WORK TO COMPLETE
Give back exactly the lines from the start of the entries below to the line holding "Key elements include", that line included, and leave every picture out.

Saved entries
+---+

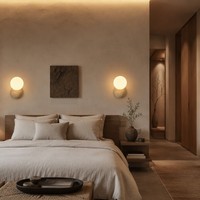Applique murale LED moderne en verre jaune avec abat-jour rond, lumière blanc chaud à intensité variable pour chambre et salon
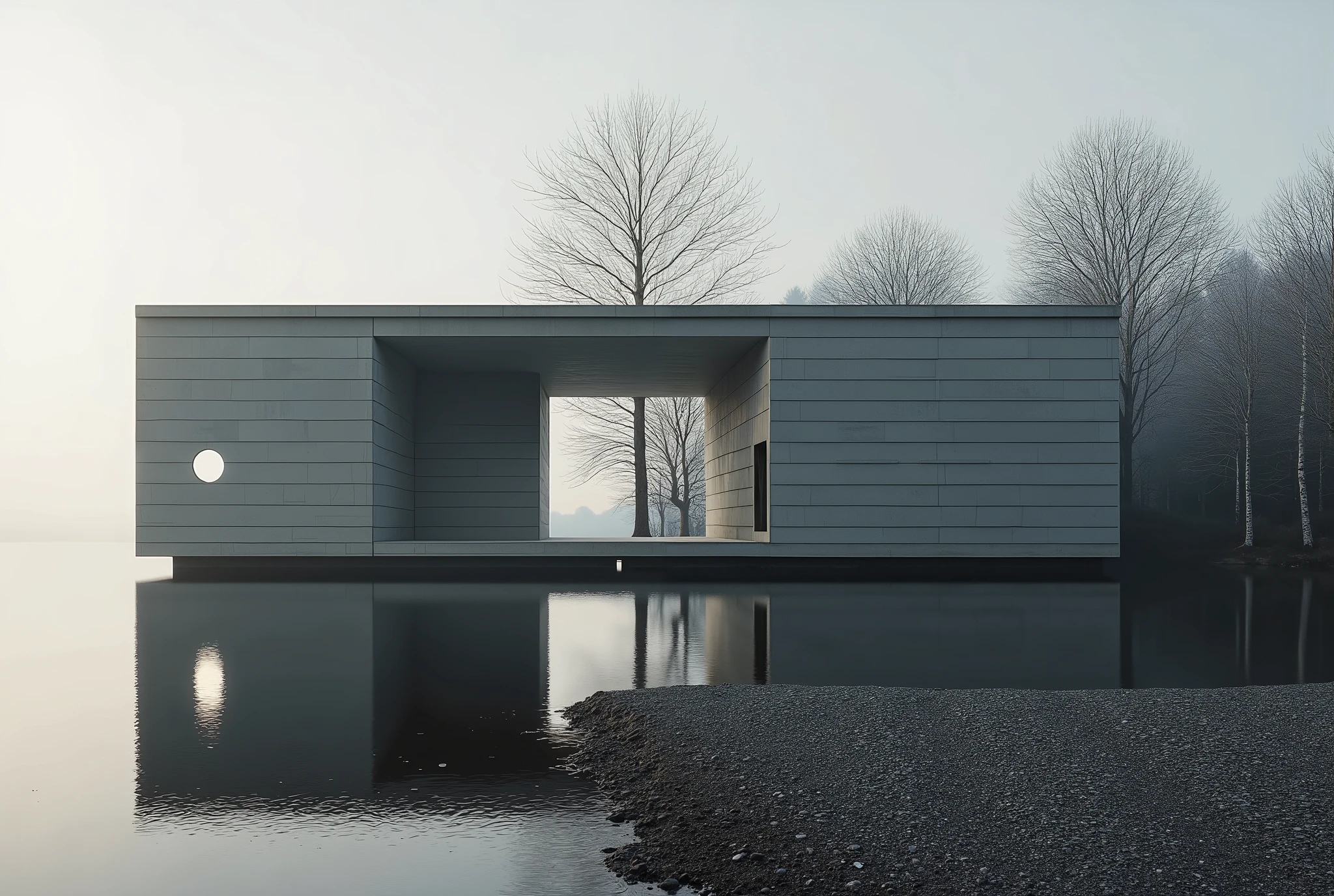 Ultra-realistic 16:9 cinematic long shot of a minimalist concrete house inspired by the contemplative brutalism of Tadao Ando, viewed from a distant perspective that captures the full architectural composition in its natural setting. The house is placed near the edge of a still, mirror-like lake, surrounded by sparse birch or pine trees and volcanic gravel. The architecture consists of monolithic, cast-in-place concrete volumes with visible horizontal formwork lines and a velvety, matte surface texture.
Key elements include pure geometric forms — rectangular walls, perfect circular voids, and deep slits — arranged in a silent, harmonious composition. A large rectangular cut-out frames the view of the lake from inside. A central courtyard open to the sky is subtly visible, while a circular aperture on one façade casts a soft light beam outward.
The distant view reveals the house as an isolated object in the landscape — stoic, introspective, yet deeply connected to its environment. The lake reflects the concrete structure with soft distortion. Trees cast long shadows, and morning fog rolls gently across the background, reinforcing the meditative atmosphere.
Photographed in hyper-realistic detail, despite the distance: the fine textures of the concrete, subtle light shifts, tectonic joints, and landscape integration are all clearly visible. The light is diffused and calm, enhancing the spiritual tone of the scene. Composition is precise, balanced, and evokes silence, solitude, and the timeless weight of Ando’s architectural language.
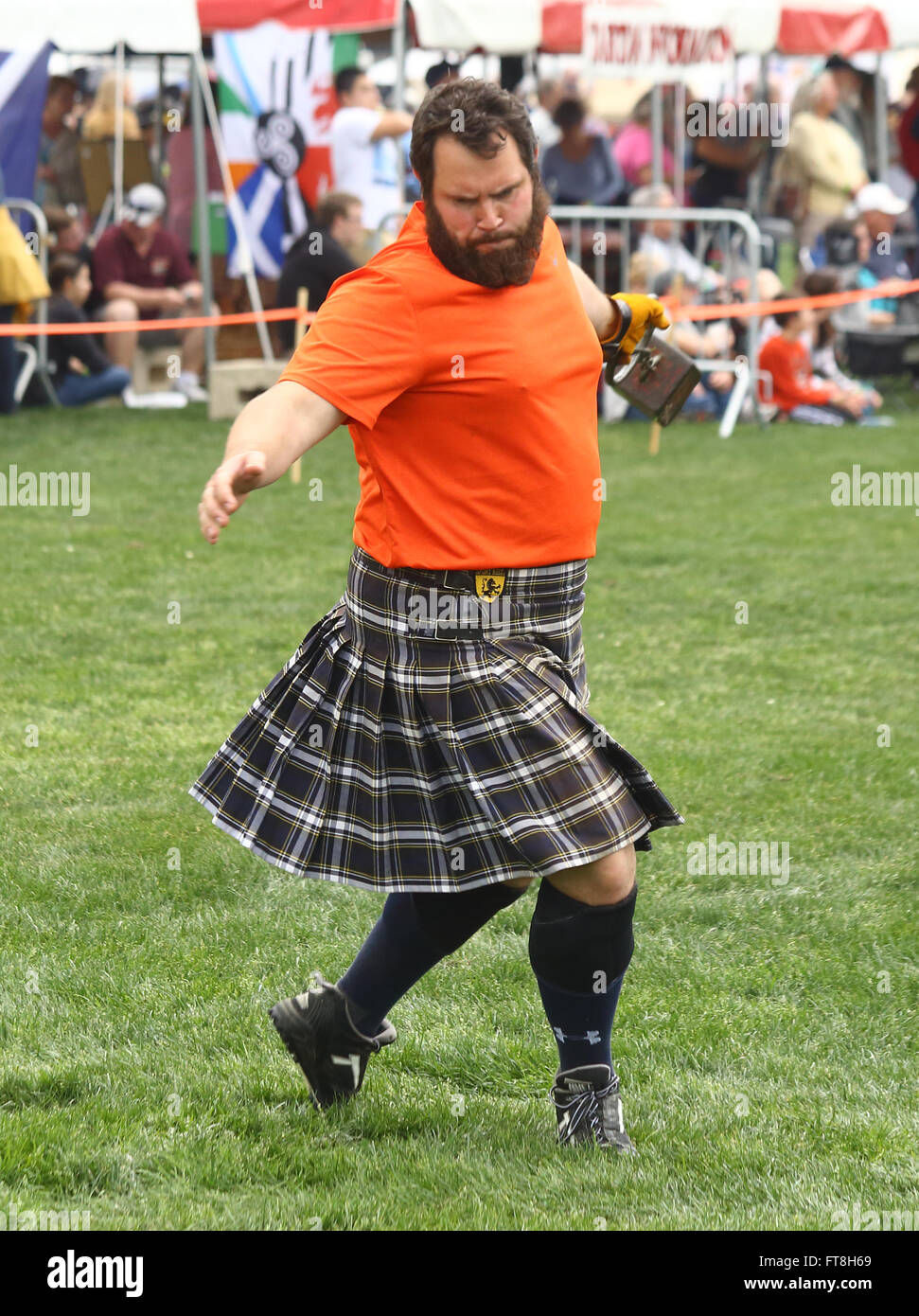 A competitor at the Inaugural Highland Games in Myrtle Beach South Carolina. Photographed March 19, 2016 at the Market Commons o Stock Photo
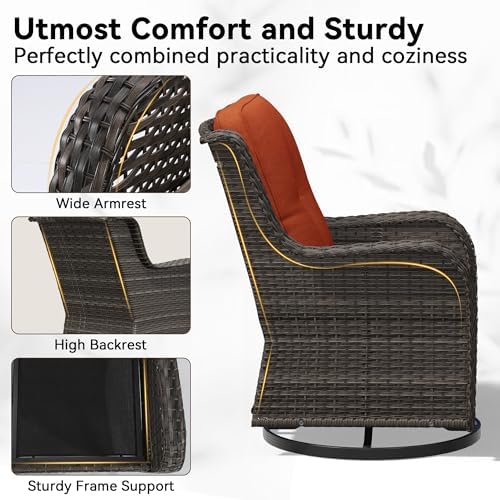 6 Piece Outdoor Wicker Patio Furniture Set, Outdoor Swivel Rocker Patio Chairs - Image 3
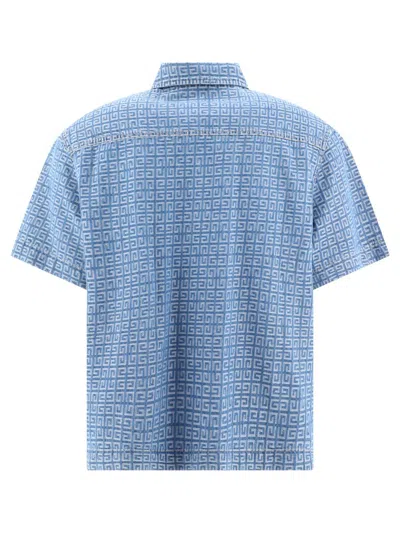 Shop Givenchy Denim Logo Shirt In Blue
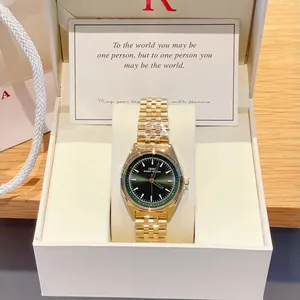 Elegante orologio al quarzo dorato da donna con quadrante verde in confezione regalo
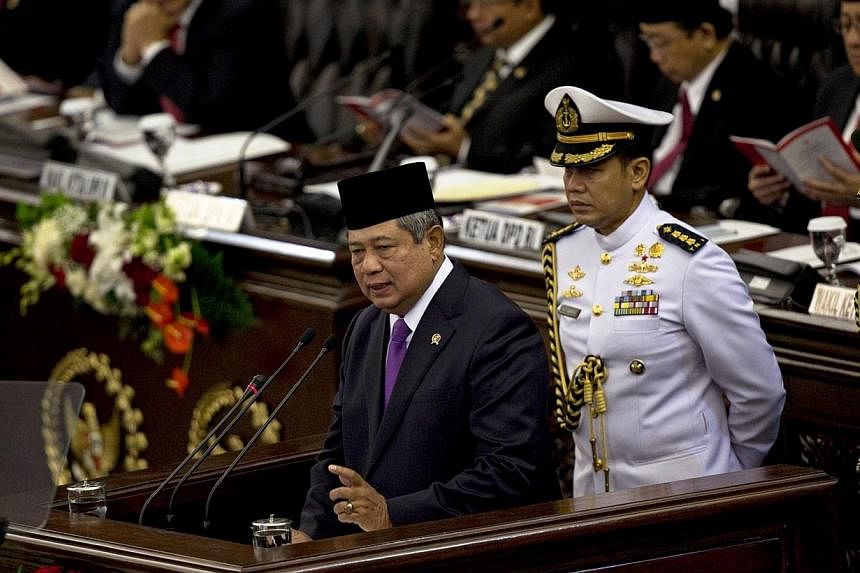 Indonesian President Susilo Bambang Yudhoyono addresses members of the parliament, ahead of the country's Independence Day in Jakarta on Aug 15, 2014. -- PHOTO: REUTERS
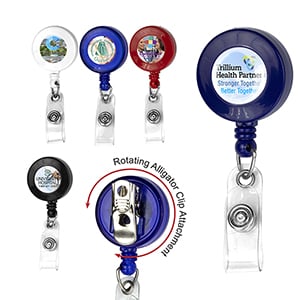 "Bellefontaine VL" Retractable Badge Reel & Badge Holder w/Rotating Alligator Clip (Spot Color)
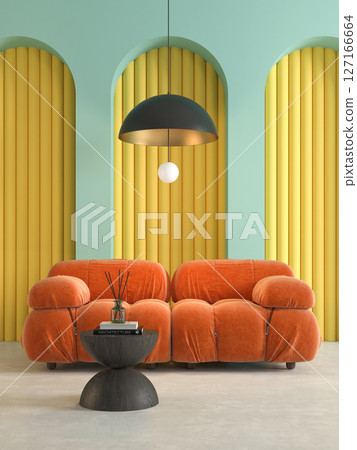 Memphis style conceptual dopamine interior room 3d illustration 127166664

+---+

OUTPUT FOR THIS EXERCISE
Applique murale LED moderne en verre jaune avec abat-jour rond, lumière blanc chaud à intensité variable pour chambre et salon
 Ultra-realistic 16:9 cinematic long shot of a minimalist concrete house inspired by the contemplative brutalism of Tadao Ando, viewed from a distant perspective that captures the full architectural composition in its natural setting. The house is placed near the edge of a still, mirror-like lake, surrounded by sparse birch or pine trees and volcanic gravel. The architecture consists of monolithic, cast-in-place concrete volumes with visible horizontal formwork lines and a velvety, matte surface texture.
Key elements include pure geometric forms — rectangular walls, perfect circular voids, and deep slits — arranged in a silent, harmonious composition. A large rectangular cut-out frames the view of the lake from inside. A central courtyard open to the sky is subtly visible, while a circular aperture on one façade casts a soft light beam outward.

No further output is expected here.